The higher the limit, opponents argue, the greater the incentives for depositors to seek
yields at higher-risk banks that must pay higher rates to attract customers.  Advocates
counter, however, that high coverage limits encourage funding flows to smaller
insured depositories without access to capital markets.   

Smaller institutions also have been smaller users of new FDIC facilities such as
the temporary liquidity guarantee program (TLGP).

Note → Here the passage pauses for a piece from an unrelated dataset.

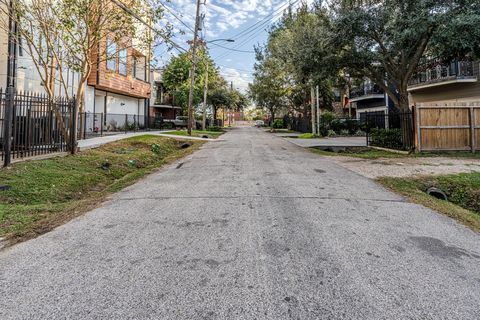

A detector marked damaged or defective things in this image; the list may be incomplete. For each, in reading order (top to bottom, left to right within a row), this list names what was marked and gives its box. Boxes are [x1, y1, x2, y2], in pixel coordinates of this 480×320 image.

cracked asphalt pavement [0, 126, 480, 318]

They fear that these programs
will lead to costly losses at the Deposit Insurance Fund (DIF) for which they, not big
banks and non-bank TLGP users, would be forced to pay.  Concerns here were
inflamed when the FDIC proposed a twenty basis point special assessment.  The final
FDIC rule3 not only reduced the assessment, but also changed the base on which it is
calculated from deposits to assets, somewhat alleviating small-bank concerns.  At the
same time, the new law includes a larger FDIC line of credit to the Treasury, giving it
resources with which to operate under stress without a short-term, high-cost
assessment that could worsen strains within the banking system and, opponents argue,
disproportionately hurt small institutions.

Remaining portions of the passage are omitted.